The New Anatolian reports three Heron UAVs, originally scheduled for delivery in the Spring, have arrived at their new home in Batman province in southeastern Turkey. Sources also reported that a team of Israeli pilots have come to brief Turkish officials on the system and are providing training to Turkish pilots.

General James Cartwright, vice chairman of the U.S. Joint Chiefs of Staff, and General David Petraeus, the top U.S. commander in Iraq, also arrived in Turkey this week for a brief visit to discuss plans to combat the PKK.

The generals met with Turkey's Deputy Chief of General Staff General Ergin Saygun at military's headquarters, the office of the General Staff said in a written statement yesterday.

"At the meeting, cooperation and comprehensive sharing of intelligence in the continuing struggle against our common enemy the PKK were discussed," the General Staff statement said.

Turkish generals dismissed the claims that a new mechanism has been established, saying that "it was something like a red line which was already functioning for some time," according to the privately-owned NTV channel.

NTV news also reported the Americans left for Iraq following the talks, and had planned meetings with the central government in Baghdad and the autonomous Kurdish administration in northern Iraq. Without denying or confirming the report, officials at the US Embassy in Ankara told Today's Zaman they had no information regarding a recent trip to northern Iraq.

PKK Feeling the Heat

Turkish President Abdullah Gul has given Iraqi Kurds credit for altering their approach towards the PKK, telling reporters Wednesday, "We see that common sense has started to slowly prevail in northern Iraq," according to the Anatolian news agency.
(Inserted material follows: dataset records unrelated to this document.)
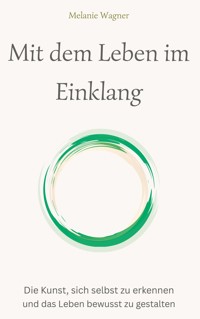 Mit dem Leben im Einklang - Melanie Wagner - ebook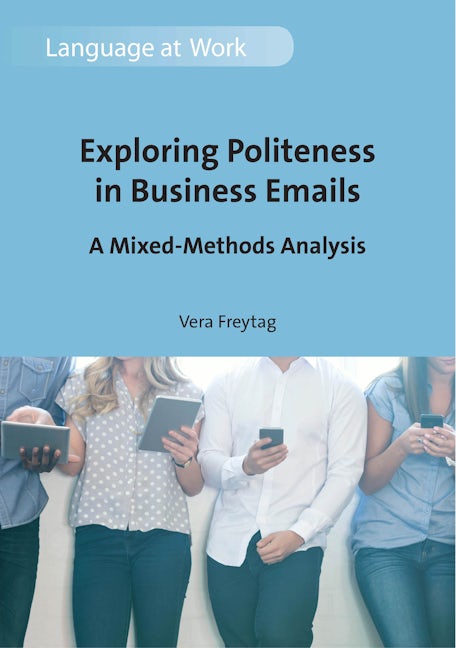 Book cover image for Exploring Politeness in Business Emails ISBN: 9781788925952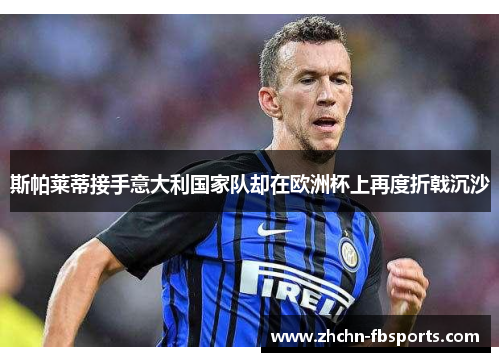斯帕莱蒂接手意大利国家队却在欧洲杯上再度折戟沉沙 斯帕莱蒂接手意大利国家队却在欧洲杯上再度折戟沉沙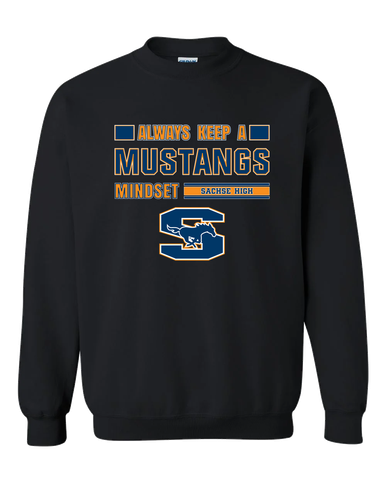 Sachse Mustangs Mindset Men's Sweatshirt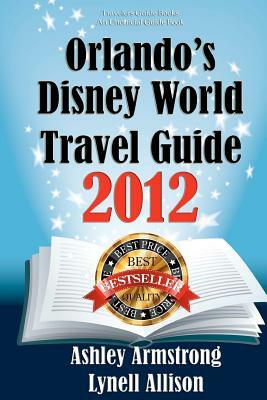 Orlando's Disney World Travel Guide 2012 by Lynell Allison, Ashley Armstrong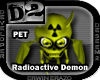 [D2] Radioactive Demon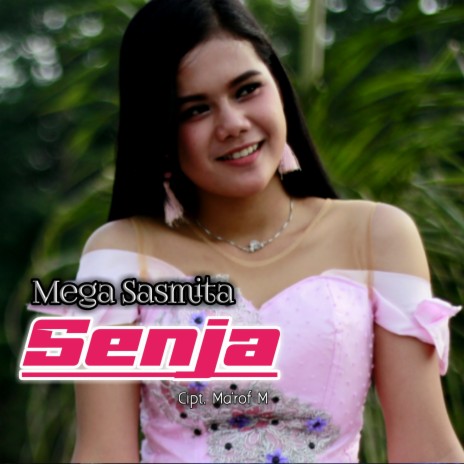 Senja ft. Mega Sasmita | Boomplay Music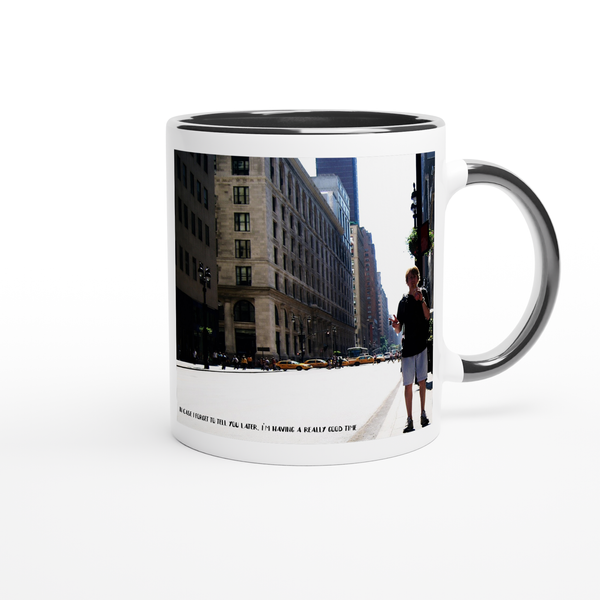In case I forget to tell you later, I'm having a really good time. - Ceramic Mug
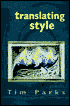 Translating Style: The English Modernists and Their Italian Translations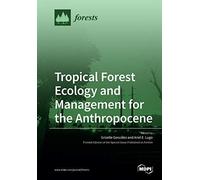 Tropical Forest Ecology And Management For The Anthropocene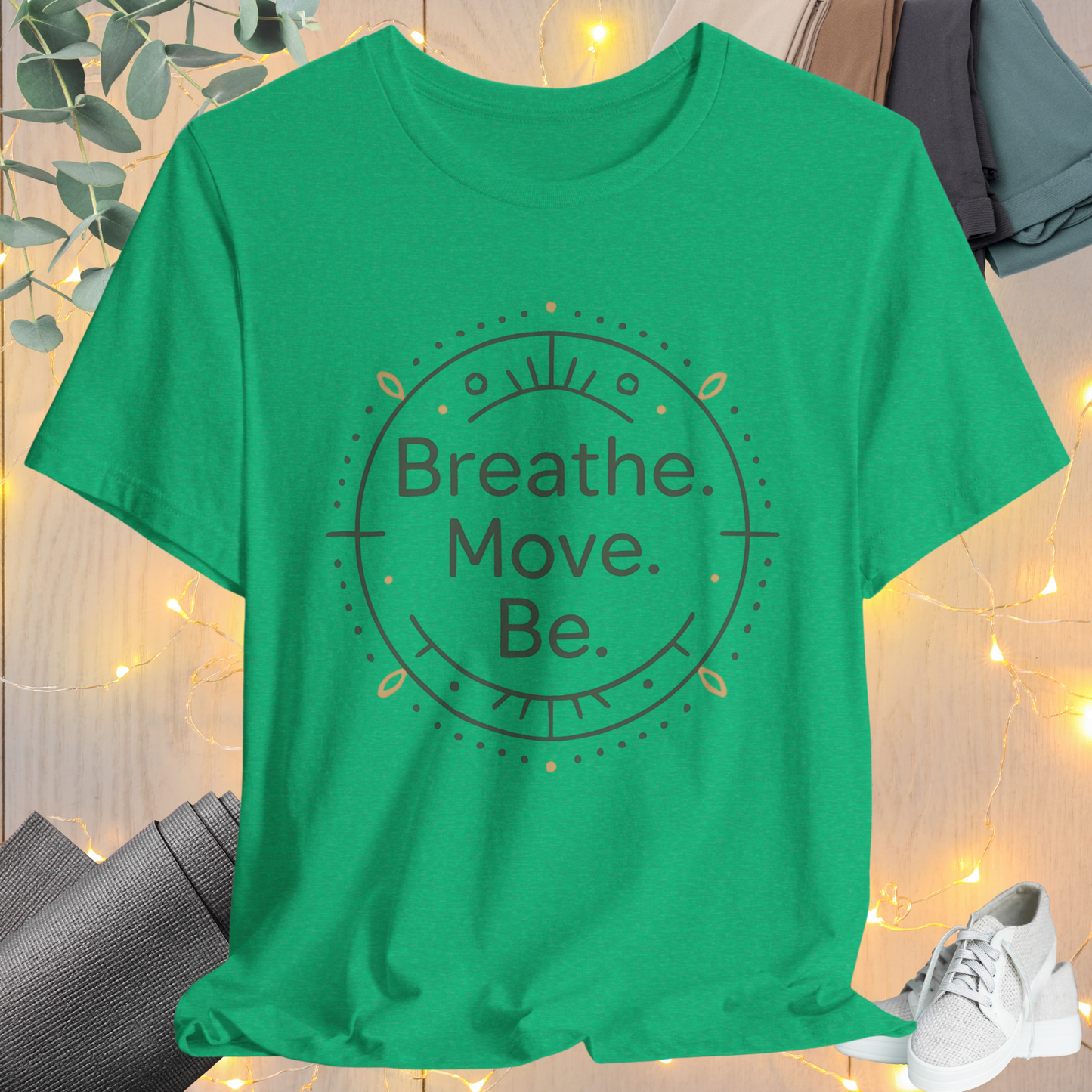 Breath. Move. Be. Tee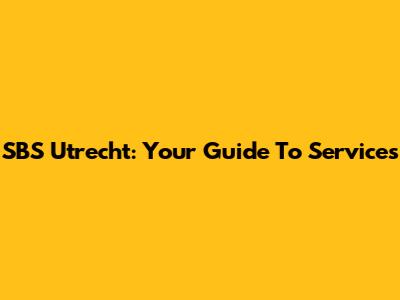 SBS Utrecht: Your Guide To Services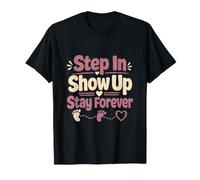 Step in Show Up Stay Forever Bonus Mom T-Shirt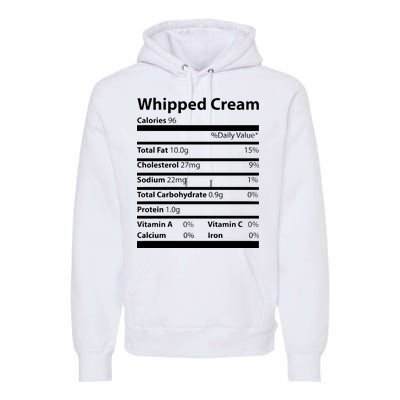 Whipped Cream Nutritional Facts Funny Thanksgiving Premium Hoodie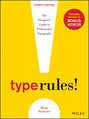 Type Rules!: The Designer's Guide to Professional Typography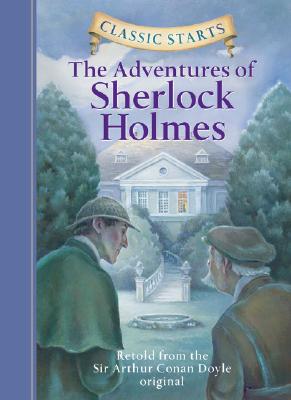 Classic Starts(r) the Adventures of Sherlock Holmes Cover Image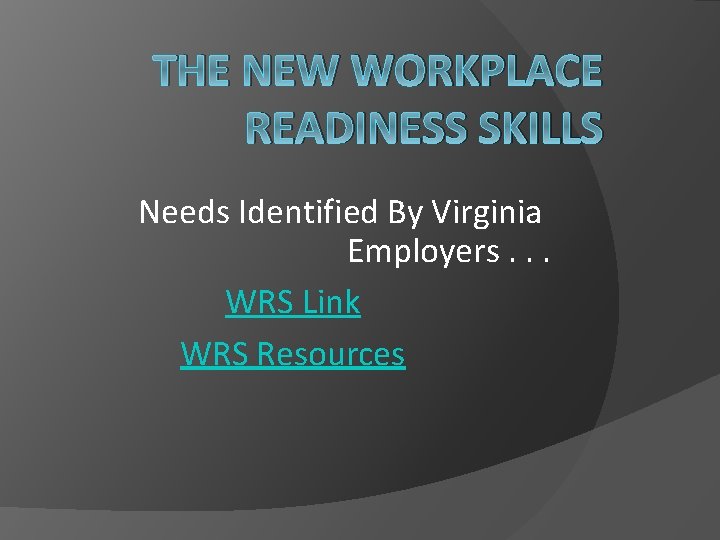 THE NEW WORKPLACE READINESS SKILLS Needs Identified By Virginia Employers. . . WRS Link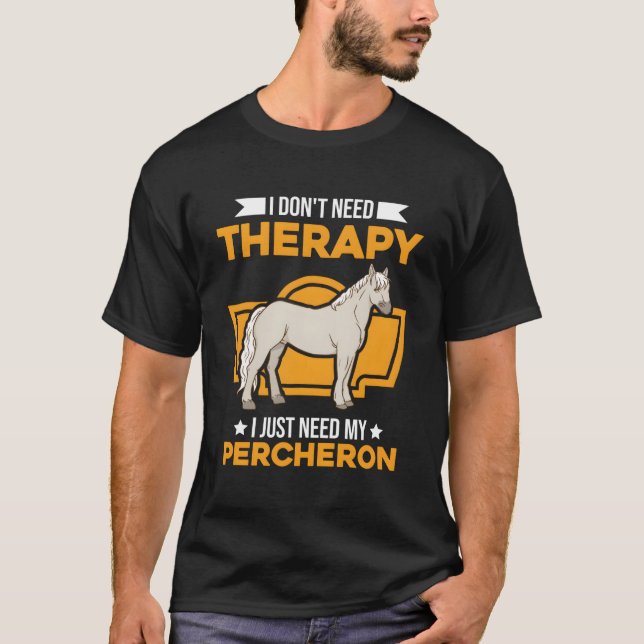 Jag behöver inte terapi jag behöver bara min perch t shirt (Framsida)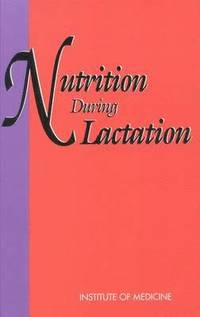 Nutrition During Lactation (häftad)
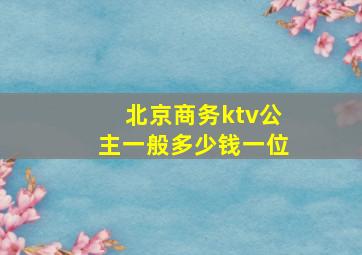 北京商务ktv公主一般多少钱一位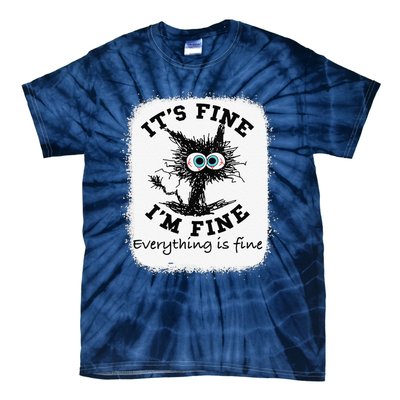 Bleached Its Fine Im Fine Everything Fine Nurse Teacher Cat Tie-Dye T-Shirt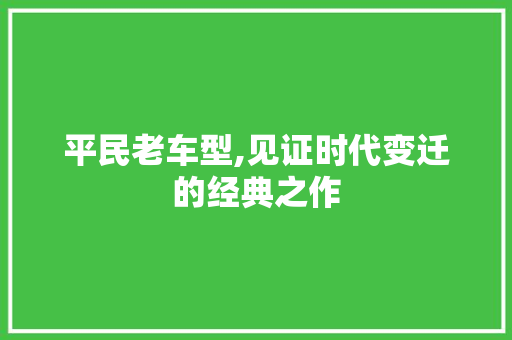平民老车型,见证时代变迁的经典之作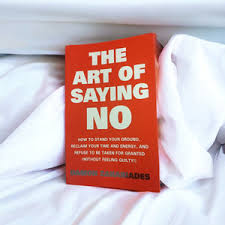 The Art of Saying No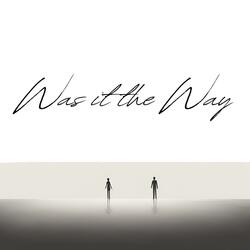 Was it the Way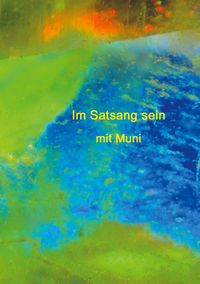 Buch Cover Im Satsang sein mit Muni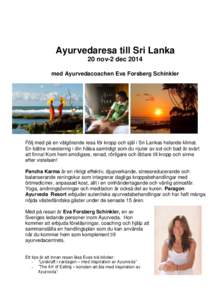 Ayurvedaresa till Sri Lanka 20 nov-2 dec 2014 med Ayurvedacoachen Eva Forsberg Schinkler Följ med på en välgörande resa för kropp och själ i Sri Lankas helande klimat. En bättre investering i din hälsa samtidigt 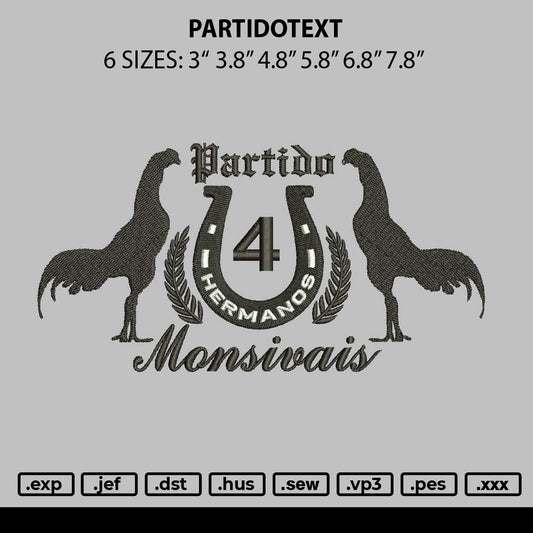 Partidotext Embroidery File 6 sizes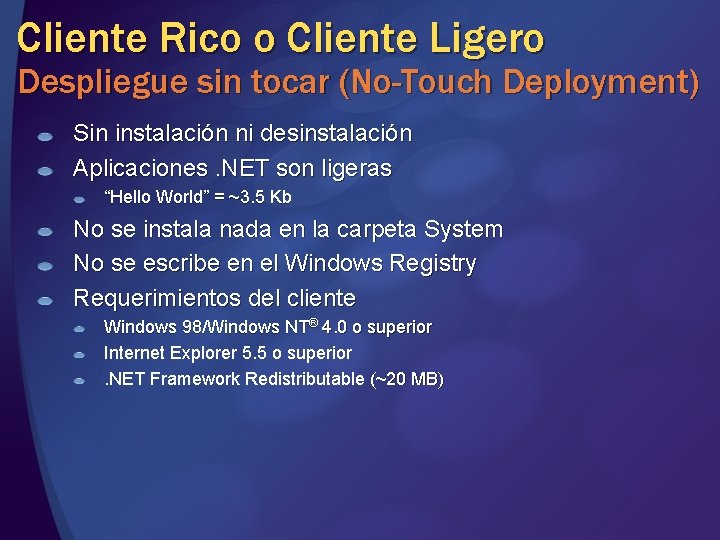 Cliente Rico o Cliente Ligero Despliegue sin tocar (No-Touch Deployment) Sin instalación ni desinstalación Cliente Rico o Cliente Ligero Despliegue sin tocar (No-Touch Deployment) Sin instalación ni desinstalación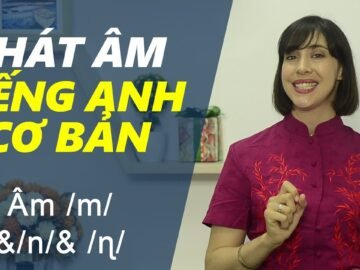Phát âm tiếng Anh cơ bản – Tập 18: Âm /m/, /n/& /ɳ/ [Phát âm tiếng Anh chuẩn #1]<div class="yasr-vv-stars-title-container"><div class='yasr-stars-title yasr-rater-stars'
                          id='yasr-visitor-votes-readonly-rater-aba284a164769'
                          data-rating='0'
                          data-rater-starsize='16'
                          data-rater-postid='3580'
                          data-rater-readonly='true'
                          data-readonly-attribute='true'
                      ></div><span class='yasr-stars-title-average'>0 (0)</span></div>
"They (Iraqi Kurds) are aware of the cost of failing to show the courage to stand against the PKK (Kurdistan Workers' Party rebels)."

Comments by a top-ranking leader in the PKK, Cemil Bayık, appear to confirm the group is feeling the heat. "Turkey and the US have agreed on eliminating us. Kurdish groups in Northern Iraq have taken a stand against us," he told the PKK-friendly Firat news agency. "They are forcing us to lay down our arms and to surrender."

While the news the Kurdish rebels are feeling strong pressure to surrender--particularly from Kurdish groups in northern Iraq--may spark cheers in Washington and Ankara, Bayik also warned that his group would not back down.

"If we want we can create instability and place their interests in danger," he said. "Our position...is clear: we will resist. We will never surrender," he added.

Iraq’s foreign minister, Hoshyar Zebari, views the improved cooperation between Baghdad and Ankara as resulting in an increasingly lower probability of Turkish attack.

“The danger is still there, to be honest ... but I think the chances of a major invasion are less now,” Zebari told reporters on Tuesday upon his arrival for a meeting with Javier Solana, European Union foreign policy chief, in Brussels.